(SOURCE RECORDS):
--- START ---
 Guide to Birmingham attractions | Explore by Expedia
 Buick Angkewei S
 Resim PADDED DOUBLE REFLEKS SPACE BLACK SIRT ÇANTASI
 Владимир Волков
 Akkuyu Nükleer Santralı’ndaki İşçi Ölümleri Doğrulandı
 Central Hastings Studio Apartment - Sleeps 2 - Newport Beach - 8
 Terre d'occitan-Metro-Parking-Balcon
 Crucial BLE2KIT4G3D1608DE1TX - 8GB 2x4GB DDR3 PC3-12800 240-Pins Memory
--- END ---
--- START ---
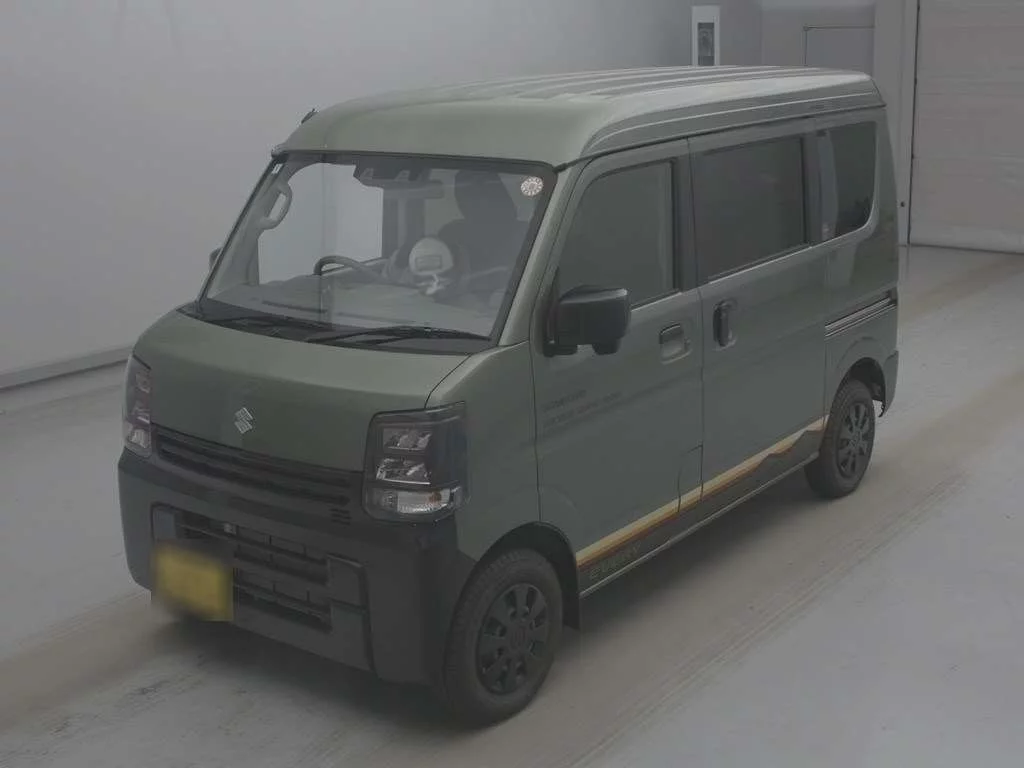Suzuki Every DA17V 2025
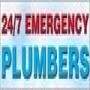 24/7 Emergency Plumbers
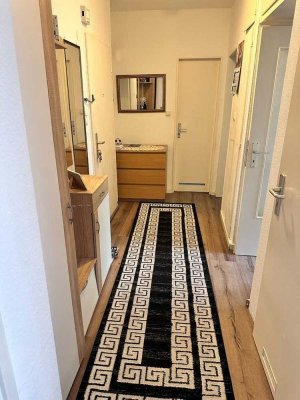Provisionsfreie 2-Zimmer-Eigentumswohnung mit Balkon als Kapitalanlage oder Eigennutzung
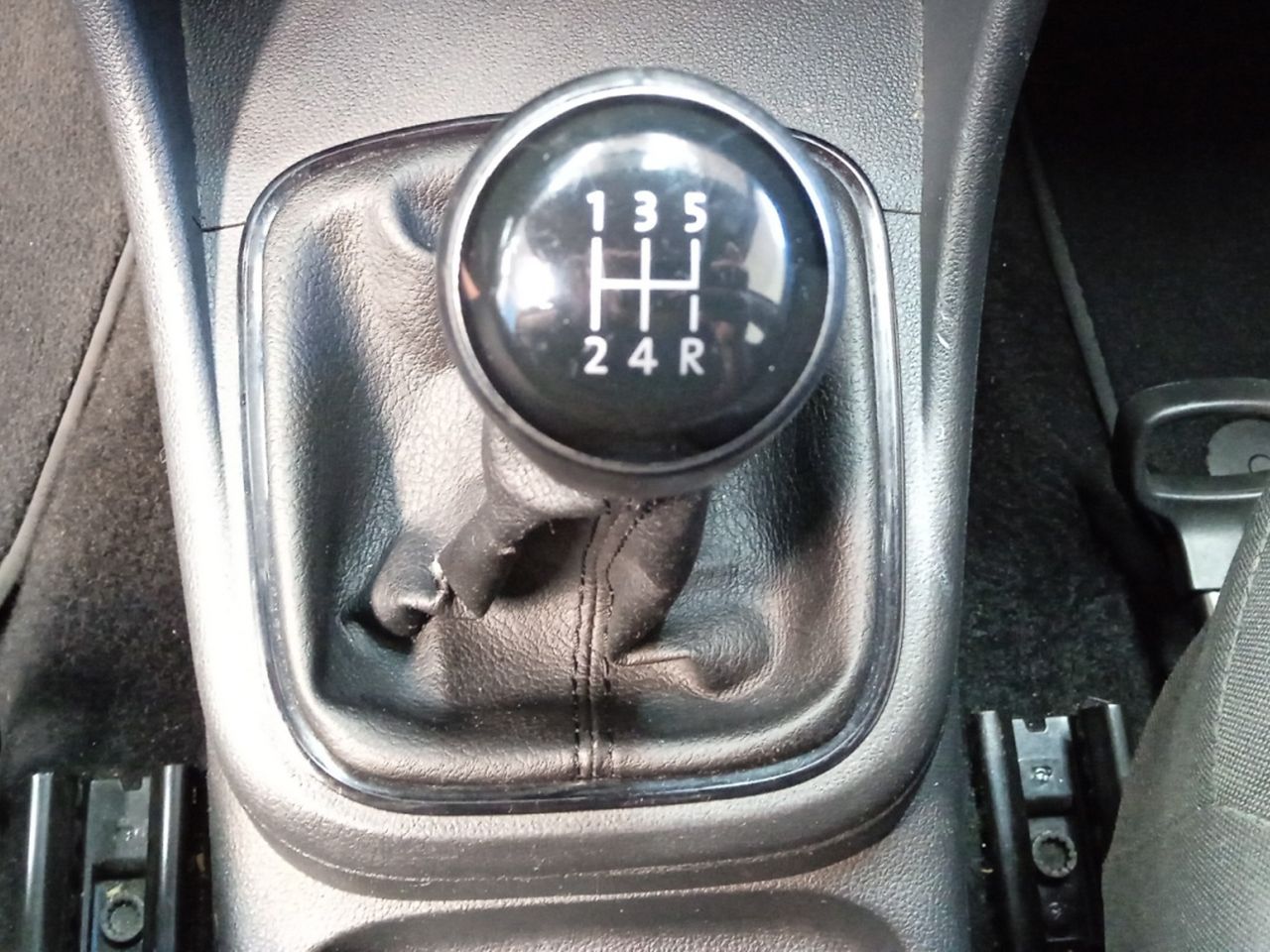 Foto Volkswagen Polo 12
--- END ---
(REQUIREMENT): Exactly reproduce the lines above, starting at the one that contains "Provisionsfreie 2-Zimmer-Eigentumswohnung mit" and ending at the one that contains "Foto Volkswagen Polo 12", both inclusive; leave the pictures out and add no other lines.

(RESULT):
Provisionsfreie 2-Zimmer-Eigentumswohnung mit Balkon als Kapitalanlage oder Eigennutzung
 Foto Volkswagen Polo 12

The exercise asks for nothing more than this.